── Data block ──
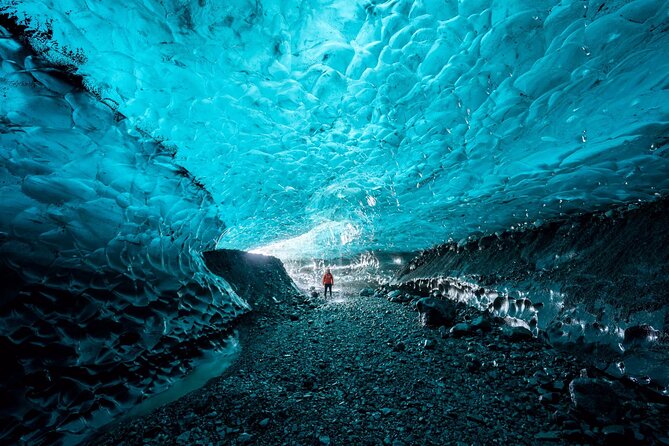Ice Cave Tour - Date and Traveler Information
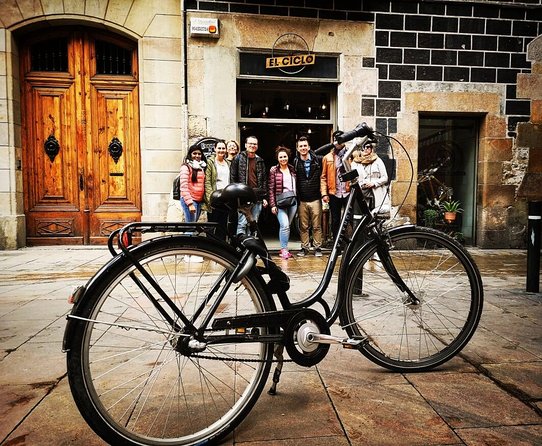 Barcelona: Private Bike/eBike Tour & Sagrada Familia Tickets - Casa de les Punxes: Catalan Art Nouveau starts the ride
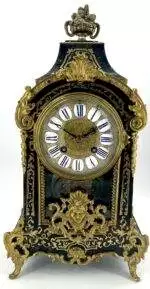 Stunning French boulle bracket clock. Original ormolu dial with enamel roman numerals. The case has brass decoration inlay and scrolls finials on the edges and topped with an ormolu floral basket finial. Also has a viewing window to see the starburst pendulum in action.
───
What you are asked to do
Rewrite the data above exactly as given, but omit the images.

Completed exercise
Ice Cave Tour - Date and Traveler Information
 Barcelona: Private Bike/eBike Tour & Sagrada Familia Tickets - Casa de les Punxes: Catalan Art Nouveau starts the ride
 Stunning French boulle bracket clock. Original ormolu dial with enamel roman numerals. The case has brass decoration inlay and scrolls finials on the edges and topped with an ormolu floral basket finial. Also has a viewing window to see the starburst pendulum in action.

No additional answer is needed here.